Qatar, EU to sign open skies agreement after agreeing terms

DOHA (Reuters) - Qatar and the European Union have agreed to terms for an open skies agreement expected to be signed this year, the two sides said on Tuesday.

Akbar Al Baker, Qatar Airways CEO, talks to media during a roundtable conference in New Delhi, India, September 4, 2018. REUTERS/Adnan Abidi

The move is part of a broad air services agreement that includes provisions on fair competition, transparency, the environment and consumer protections, although exact details have not been disclosed.

The agreement means “all air carriers from the 28 European Union member states and Qatar now have unlimited and unrestricted access to their respective territories,” Qatar Airways said in a statement.

European Commission Director General for Mobility and Transport Henrik Hololei told a CAPA summit in Doha the deal would help ensure open and fair markets. He did not elaborate.

Qatar Airways, like Emirates and Etihad Airways, has faced accusations of being unfairly state-subsidised, giving it an advantage over other carriers. The airlines deny this.

“We have taken bold steps by agreeing to articles on fair competition, social aspects, business practices and transparency,” Qatar Airways Chief Executive Akbar al-Baker said.

As part of the agreement, Qatar would no longer force European carriers to have a local sales agent to operate flights to Doha, Baker said.

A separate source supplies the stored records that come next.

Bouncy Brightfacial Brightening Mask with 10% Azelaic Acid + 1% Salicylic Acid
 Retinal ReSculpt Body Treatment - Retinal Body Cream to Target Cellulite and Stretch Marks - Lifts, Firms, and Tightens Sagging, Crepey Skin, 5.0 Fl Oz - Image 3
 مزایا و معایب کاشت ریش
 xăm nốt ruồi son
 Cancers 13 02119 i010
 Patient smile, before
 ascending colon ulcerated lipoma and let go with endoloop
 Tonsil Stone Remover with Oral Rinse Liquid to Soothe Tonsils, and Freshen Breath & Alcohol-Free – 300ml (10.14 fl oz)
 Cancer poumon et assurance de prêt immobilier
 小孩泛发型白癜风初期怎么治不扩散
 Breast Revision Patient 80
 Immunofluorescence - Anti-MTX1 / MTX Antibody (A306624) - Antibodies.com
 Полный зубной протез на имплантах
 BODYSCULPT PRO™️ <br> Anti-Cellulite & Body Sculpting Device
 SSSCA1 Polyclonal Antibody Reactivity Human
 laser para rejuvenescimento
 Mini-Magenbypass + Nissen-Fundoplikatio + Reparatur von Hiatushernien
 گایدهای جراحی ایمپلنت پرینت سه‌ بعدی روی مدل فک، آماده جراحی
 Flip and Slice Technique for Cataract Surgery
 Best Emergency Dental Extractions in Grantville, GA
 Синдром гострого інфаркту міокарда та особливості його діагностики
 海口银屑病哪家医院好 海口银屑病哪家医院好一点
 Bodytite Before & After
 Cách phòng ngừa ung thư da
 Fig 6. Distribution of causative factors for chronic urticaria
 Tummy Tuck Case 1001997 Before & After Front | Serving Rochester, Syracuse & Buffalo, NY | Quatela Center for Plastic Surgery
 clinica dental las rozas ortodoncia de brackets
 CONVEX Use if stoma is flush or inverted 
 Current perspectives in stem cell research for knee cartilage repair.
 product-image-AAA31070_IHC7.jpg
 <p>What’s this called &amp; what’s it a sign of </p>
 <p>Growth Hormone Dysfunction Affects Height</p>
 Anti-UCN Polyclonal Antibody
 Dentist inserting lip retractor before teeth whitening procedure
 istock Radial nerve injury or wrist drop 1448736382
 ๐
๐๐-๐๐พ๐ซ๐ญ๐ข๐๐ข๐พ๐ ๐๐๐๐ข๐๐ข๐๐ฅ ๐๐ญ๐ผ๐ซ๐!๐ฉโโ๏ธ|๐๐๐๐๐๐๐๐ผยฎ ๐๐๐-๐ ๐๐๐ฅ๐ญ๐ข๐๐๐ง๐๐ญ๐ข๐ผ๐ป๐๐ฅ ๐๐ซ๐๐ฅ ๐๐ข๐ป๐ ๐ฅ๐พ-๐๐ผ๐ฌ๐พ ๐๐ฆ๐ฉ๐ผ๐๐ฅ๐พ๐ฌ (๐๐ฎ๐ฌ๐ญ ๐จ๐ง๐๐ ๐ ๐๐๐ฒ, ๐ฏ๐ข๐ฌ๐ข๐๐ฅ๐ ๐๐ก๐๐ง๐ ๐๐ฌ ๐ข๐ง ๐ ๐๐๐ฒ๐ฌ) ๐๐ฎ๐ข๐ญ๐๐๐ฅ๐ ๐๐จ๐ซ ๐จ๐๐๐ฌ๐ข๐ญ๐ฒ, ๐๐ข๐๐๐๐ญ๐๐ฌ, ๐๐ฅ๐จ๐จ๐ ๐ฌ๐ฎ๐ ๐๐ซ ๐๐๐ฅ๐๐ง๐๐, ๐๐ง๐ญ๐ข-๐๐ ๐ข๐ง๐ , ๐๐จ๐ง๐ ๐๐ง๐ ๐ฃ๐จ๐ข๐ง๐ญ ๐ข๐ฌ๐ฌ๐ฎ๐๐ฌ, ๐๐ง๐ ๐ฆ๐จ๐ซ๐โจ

“Qatar has committed to offer a fair and friendly business environment and as a result European airlines will enjoy unrestricted commercial opportunities unlike ever before,” said Baker.

Hololei said talks with Oman on a similar deal would start in March. The United Arab Emirates had declined to engage in negotiations, he added.

Qatar’s talks with the EU follow an agreement reached last year with the United States to disclose detailed financial information about Qatar Airways.

That U.S. deal followed a lobbying campaign by some of the largest U.S. airlines which urged the U.S. government to challenge the conduct of the major Gulf carriers under “Open Skies” agreements.